Als die Evangelische Verlagsanstalt (EVA) 1956 ihr zehnjähriges Jubiläum feierte, begann man in der St. Marienkirche in Berlin-Mitte mit einem feierlichen Dankgottesdienst. Im Gottesdienst predigte Friedrich-Wilhelm Krummacher, der im Jahr zuvor Bischof in Greifswald geworden war. Um den Dienst hatte ihn der Verlag vermutlich gebeten, weil er bei der Gründung des Verlages 1946 zusammen mit dem Berliner Propst Heinrich Grüber die beiden Gesellschafter der V erlags-GmbH repräsentierte, die Evangelische Kirche in Berlin-Brandenburg und das Kirchliche Hilfswerk der Evangelischen Kirche in Deutschland, aus dem bald das Diakonische Werk werden sollte. Grüber und Krummacher waren als Repräsentanten der Gesellschafter in der sowjetischen Besatzungszone bestens geeignet, weil sie über ausgezeichnete Kontakte zu den Besatzungsbehörden verfügten.

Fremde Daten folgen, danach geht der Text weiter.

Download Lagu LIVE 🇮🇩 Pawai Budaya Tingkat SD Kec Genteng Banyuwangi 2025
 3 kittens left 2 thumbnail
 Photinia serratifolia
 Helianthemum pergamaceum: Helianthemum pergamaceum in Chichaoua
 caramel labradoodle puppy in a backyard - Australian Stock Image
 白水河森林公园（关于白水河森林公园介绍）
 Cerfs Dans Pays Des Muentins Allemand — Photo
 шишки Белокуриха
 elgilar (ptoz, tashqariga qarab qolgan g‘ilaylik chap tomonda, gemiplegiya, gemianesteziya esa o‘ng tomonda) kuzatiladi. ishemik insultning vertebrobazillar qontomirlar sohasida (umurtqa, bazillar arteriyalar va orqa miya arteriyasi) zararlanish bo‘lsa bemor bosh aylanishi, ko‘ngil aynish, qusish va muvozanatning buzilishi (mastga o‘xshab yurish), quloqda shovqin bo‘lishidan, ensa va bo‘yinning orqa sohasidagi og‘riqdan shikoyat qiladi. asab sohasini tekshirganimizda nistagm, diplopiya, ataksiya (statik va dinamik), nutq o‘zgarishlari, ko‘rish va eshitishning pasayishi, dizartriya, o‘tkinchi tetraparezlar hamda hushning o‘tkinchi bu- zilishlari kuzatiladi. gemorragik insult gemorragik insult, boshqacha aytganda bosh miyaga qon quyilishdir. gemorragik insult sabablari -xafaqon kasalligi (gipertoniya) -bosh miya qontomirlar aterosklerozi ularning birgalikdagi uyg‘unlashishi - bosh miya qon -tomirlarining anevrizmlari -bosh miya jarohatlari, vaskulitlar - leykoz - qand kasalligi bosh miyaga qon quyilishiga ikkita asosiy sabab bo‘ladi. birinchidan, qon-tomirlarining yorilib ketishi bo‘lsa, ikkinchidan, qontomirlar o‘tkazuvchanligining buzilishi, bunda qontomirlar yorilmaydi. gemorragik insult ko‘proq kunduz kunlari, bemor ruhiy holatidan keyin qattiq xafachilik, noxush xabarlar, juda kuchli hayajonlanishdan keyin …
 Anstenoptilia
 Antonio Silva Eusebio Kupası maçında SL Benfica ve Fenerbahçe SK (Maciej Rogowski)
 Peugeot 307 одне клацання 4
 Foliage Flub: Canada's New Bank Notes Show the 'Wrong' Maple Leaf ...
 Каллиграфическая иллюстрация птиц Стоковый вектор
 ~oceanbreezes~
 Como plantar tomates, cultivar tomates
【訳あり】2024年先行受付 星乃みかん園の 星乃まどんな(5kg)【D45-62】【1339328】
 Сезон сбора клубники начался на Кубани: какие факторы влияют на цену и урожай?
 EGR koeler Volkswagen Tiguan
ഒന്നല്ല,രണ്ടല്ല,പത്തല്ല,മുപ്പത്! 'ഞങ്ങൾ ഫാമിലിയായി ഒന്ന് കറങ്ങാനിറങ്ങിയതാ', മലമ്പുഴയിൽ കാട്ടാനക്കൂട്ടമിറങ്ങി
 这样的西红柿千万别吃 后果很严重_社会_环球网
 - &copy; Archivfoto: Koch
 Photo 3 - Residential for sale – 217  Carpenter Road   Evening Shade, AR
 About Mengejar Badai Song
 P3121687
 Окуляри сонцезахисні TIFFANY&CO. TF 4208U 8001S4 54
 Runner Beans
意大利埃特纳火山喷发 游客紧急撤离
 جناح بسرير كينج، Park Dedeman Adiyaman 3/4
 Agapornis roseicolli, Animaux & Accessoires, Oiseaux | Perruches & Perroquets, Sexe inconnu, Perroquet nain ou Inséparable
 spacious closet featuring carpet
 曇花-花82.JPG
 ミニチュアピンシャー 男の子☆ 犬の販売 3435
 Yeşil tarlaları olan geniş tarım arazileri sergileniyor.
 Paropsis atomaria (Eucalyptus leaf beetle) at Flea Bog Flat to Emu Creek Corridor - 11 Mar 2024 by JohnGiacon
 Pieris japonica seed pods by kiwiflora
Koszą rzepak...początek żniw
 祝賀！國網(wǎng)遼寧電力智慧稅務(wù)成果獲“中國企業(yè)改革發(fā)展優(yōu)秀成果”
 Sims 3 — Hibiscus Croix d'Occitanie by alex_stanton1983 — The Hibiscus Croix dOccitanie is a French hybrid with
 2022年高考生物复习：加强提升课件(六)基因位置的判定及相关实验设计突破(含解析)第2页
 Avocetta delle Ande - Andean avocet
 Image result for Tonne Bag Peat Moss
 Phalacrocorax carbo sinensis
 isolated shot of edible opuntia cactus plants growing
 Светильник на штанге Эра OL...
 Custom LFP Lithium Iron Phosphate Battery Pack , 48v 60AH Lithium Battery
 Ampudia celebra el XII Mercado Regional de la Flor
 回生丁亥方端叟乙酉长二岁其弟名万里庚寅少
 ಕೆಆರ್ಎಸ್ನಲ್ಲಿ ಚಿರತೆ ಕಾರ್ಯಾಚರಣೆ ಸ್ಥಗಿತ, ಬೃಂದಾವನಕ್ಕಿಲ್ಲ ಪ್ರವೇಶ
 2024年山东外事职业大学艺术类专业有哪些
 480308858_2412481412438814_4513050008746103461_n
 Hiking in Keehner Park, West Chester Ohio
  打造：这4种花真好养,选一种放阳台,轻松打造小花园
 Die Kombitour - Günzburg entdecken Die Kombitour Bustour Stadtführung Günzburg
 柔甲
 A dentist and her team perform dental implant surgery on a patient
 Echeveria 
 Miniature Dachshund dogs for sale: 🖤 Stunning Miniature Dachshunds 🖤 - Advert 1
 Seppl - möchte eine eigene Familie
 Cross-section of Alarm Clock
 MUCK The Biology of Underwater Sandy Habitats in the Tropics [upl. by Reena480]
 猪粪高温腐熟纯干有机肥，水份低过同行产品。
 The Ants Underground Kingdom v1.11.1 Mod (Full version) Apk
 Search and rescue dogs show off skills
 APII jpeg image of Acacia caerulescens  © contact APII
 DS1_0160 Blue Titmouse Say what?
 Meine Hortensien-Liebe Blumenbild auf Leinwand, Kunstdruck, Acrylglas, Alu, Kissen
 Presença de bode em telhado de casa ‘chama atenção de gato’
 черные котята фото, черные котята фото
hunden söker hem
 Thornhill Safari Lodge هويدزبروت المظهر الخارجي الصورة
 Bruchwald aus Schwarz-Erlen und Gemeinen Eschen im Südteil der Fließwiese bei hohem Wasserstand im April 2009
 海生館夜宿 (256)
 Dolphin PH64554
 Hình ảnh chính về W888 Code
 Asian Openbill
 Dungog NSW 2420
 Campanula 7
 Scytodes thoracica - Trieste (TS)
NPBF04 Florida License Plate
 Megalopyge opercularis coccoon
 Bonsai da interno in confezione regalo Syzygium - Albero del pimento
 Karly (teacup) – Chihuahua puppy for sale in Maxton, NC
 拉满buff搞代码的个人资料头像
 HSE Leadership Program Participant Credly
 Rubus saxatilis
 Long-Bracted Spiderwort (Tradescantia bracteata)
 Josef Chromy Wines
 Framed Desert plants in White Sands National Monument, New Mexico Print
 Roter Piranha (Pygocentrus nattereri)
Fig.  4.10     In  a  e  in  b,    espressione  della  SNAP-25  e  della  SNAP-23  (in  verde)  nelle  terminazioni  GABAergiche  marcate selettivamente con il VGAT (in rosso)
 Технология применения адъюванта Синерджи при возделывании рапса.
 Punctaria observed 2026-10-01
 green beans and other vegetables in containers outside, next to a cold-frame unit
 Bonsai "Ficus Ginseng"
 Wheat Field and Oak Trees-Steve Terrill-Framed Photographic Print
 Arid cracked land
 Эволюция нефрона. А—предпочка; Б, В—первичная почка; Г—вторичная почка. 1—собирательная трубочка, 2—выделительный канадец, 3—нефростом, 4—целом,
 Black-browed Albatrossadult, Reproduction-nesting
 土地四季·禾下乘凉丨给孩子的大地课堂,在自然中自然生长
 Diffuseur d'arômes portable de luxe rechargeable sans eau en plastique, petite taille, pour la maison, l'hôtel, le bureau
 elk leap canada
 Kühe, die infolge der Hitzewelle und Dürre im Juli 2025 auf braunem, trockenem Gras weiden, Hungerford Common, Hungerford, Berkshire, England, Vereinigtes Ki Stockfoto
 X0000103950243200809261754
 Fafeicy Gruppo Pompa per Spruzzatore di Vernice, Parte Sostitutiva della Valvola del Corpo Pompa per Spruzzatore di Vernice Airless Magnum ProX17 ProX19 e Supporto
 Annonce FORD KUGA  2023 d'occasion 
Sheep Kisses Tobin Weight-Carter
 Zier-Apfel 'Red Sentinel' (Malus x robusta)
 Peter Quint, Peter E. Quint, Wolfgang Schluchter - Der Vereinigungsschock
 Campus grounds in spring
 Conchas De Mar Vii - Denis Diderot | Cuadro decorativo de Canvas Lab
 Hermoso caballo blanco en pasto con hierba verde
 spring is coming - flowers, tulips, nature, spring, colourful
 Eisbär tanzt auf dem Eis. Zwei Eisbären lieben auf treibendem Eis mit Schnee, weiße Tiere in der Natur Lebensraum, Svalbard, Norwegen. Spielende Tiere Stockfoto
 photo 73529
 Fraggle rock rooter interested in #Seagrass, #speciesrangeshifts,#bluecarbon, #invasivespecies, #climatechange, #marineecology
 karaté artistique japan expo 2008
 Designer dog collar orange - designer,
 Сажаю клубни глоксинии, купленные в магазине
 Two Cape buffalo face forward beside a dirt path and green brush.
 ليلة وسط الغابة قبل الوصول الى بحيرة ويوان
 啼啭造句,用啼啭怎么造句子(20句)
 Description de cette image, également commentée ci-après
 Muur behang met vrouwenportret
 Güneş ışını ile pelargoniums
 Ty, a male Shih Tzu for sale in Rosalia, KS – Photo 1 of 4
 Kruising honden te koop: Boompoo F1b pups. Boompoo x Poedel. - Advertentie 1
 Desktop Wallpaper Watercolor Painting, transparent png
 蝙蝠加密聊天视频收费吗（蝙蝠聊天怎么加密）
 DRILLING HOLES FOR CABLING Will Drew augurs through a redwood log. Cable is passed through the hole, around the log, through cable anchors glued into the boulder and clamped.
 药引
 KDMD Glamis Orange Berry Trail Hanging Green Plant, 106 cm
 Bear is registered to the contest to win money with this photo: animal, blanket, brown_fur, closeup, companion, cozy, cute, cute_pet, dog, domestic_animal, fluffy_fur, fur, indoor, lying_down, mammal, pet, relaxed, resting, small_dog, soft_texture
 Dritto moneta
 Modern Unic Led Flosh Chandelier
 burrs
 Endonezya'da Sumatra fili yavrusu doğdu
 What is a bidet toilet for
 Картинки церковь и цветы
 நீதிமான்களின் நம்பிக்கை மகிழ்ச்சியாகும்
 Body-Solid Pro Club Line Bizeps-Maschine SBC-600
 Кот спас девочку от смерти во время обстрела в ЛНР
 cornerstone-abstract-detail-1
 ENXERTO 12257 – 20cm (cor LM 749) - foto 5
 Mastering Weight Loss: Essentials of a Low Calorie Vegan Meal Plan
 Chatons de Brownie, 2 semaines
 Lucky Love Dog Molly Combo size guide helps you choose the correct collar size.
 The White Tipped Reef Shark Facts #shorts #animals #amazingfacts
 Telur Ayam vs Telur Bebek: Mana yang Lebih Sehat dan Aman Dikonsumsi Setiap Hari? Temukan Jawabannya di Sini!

Grüber hatte vor 1945 Hilfe für jüdische Menschen organisiert und war dafür ins Konzentrationslager Dachau gebracht worden; Krummacher hatte sich in sowjetischer Gefangenschaft dem „Nationalkomitee Freies Deutschland“ angeschlossen und war 1945 mit der Gruppe Ulbricht nach Berlin zurückgekehrt. Gemeinsam mit dem damaligen Bischof von Berlin, Otto Dibelius, gelang es Grüber und Krummacher, einer der begehrten Lizenzen für einen Verlag zu erhalten, der (wie es in einer erneuerten Lizenz heißt) „Theologie und Belletristik“ verlegen durfte.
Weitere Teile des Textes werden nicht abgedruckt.